According to Donner: “The whole point of the game [is] to prevent an artistic performance.” The former world champion Garry Kasparov makes the same point. “The highest art of the chess player,” he says, “lies in not allowing your opponent to show you what he can do.” Always the other player is there trying to wreck your masterpiece. Chess, Donner insists, is a struggle, a fight to the death. “When one of the two players has imposed his will on the other and can at last begin to be freely creative, the game is over. That is the moment when, among masters, the opponent resigns. That is why chess is not art. No, chess cannot be compared with anything. Many things can be compared with chess, but chess is only chess.”
That is Stephen Moss at The Guardian. Along related lines, I very much enjoyed Daniel Gormally’s Insanity, Passion, and Addiction: A Year Inside the Chess World.

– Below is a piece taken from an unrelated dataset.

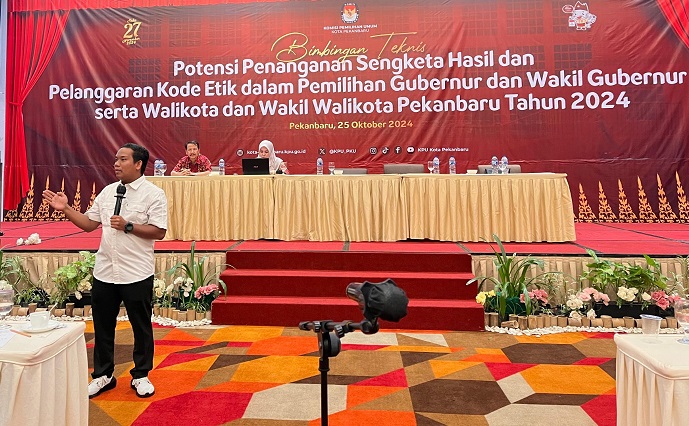 Bawaslu Pekanbaru Sampaikan Potensi Pelanggaran Pada Bimtek yang Diadakan KPU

It’s one of my favorite books of the year so far, but it’s so miserable I can’t recommend it to anyone. It’s a book about chess, and it doesn’t even focus on the great players. It’s about the players who are good enough to make a living — ever so barely — but not do any better. It serves up sentences such as:
Surely the money in chess is so bad that this can’t be all you do for a living? But in fact in my experience, the majority of chess players rated over 2400 tend to just do chess. If not playing, then something related to it, like coaching or DVDs. That’s because we’re lazy, so making the monumental effort of a complete change in career is just too frightening a prospect. So we stick with chess, even though the pay tends to be lousy, because most of our friends and contacts are chess players. Our life is chess. As a rough estimate, I would say there are as many 2600 players making less than £20,000 a year.
Stability. I had this conversation with German number one Arkadij Naidisch at a blitz tournament in Scotland about a year ago. (there I go, name-dropping again.) He suggested that a lot of people don’t achieve their goals because they just aren’t stable enough. They’ll have a fantastic result somewhere, but then that’ll be let down by a terrible tournament somewhere else.
…The problem is it’s hard to break out of the habits of a lifetime. Many times at home I’ve said to myself while sitting around depressed about my future and where my chess is going, “tomorrow will be different. I’ll get up and study six-eight hours studying chess.” But it never happens.
Overall biography and autobiography are far too specialized in the lives of the famous and successful.